§ Exercise prompt:
Print the listing in its entirety and exactly, leaving out images.

§ Data:
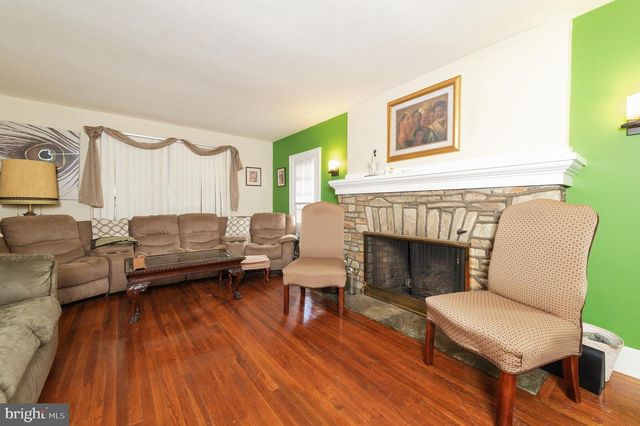 21 LAKE AVE, Hamilton, NJ 08610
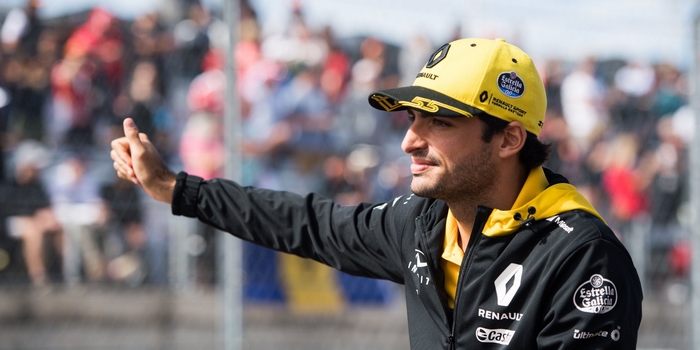 Carlos-Sainz-Jr-determine-pour-bien-finir-sa-relation-avec-Renault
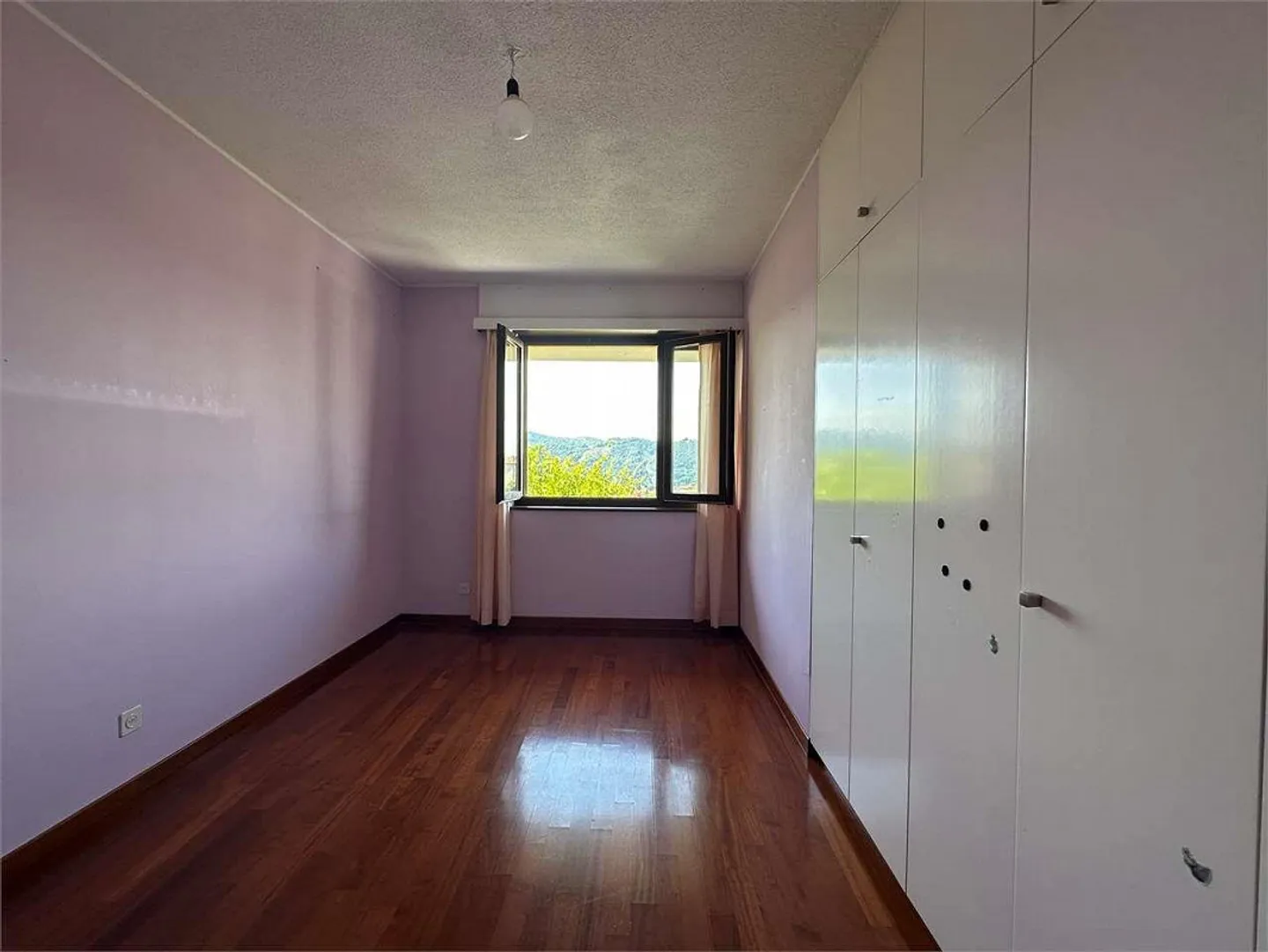 Wunderschöne Einfamilienvilla mit Pool in Morbio Inferiore, exklusiv - Foto 13 von 13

§ Your response:
 21 LAKE AVE, Hamilton, NJ 08610
 Carlos-Sainz-Jr-determine-pour-bien-finir-sa-relation-avec-Renault
 Wunderschöne Einfamilienvilla mit Pool in Morbio Inferiore, exklusiv - Foto 13 von 13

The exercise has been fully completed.